Input for this task:
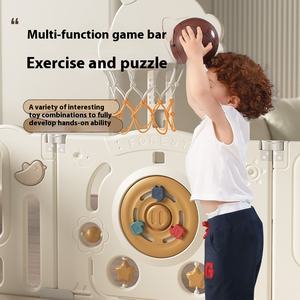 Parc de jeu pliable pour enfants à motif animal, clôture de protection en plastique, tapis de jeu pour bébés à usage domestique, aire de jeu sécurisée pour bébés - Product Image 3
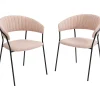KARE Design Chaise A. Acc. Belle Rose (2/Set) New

...

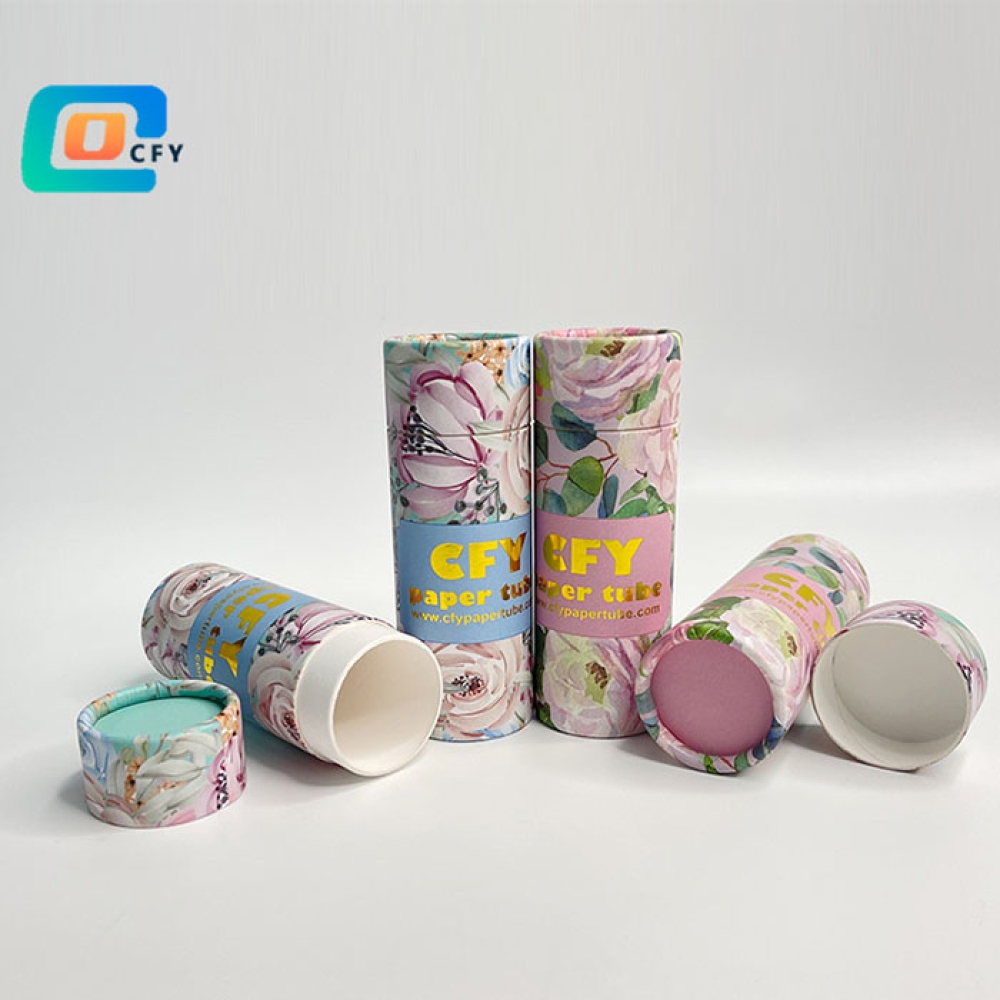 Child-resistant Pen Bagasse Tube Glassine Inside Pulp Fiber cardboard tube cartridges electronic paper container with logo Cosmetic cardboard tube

==

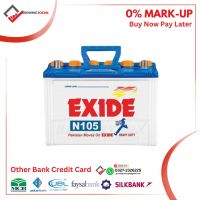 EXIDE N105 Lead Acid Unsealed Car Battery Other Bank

Task details: Starting from the line with "Parc de jeu" in the records above, repeat each line exactly until you have written the line with "KARE Design Chaise", then stop; drop the pictures.

Task solution:
 Parc de jeu pliable pour enfants à motif animal, clôture de protection en plastique, tapis de jeu pour bébés à usage domestique, aire de jeu sécurisée pour bébés - Product Image 3
KARE Design Chaise A. Acc. Belle Rose (2/Set) New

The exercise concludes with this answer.